• _Task requirements_:
Quote the records below word for word, please, from the very first line through the one that contains "SO SEOUL Bella", and nothing beyond it.

*** Opening of Provided data ***

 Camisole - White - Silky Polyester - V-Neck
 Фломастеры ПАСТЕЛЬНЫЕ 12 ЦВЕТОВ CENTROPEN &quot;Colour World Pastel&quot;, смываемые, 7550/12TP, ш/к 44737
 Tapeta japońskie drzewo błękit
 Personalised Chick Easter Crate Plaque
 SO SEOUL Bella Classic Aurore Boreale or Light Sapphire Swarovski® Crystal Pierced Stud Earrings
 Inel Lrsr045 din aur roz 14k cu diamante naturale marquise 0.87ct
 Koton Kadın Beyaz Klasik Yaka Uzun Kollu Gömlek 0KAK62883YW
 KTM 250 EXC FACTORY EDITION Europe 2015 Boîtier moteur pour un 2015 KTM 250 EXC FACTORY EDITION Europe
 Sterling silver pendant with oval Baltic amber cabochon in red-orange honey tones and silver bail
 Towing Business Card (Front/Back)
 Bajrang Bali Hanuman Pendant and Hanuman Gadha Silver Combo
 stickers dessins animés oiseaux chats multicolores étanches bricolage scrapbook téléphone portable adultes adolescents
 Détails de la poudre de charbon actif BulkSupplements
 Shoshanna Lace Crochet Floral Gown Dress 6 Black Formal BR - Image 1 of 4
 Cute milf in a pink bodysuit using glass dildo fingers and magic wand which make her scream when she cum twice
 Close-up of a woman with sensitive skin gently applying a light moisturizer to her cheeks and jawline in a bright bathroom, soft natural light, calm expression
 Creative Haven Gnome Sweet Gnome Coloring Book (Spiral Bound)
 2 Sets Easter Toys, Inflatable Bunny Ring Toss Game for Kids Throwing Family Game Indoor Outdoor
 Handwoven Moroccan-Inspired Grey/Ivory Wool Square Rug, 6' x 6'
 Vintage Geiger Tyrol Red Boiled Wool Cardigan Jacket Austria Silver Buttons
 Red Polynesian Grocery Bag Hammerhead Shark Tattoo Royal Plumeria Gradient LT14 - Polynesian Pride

*** Close of Provided data ***

• _Result of the exercise_:
 Camisole - White - Silky Polyester - V-Neck
 Фломастеры ПАСТЕЛЬНЫЕ 12 ЦВЕТОВ CENTROPEN &quot;Colour World Pastel&quot;, смываемые, 7550/12TP, ш/к 44737
 Tapeta japońskie drzewo błękit
 Personalised Chick Easter Crate Plaque
 SO SEOUL Bella Classic Aurore Boreale or Light Sapphire Swarovski® Crystal Pierced Stud Earrings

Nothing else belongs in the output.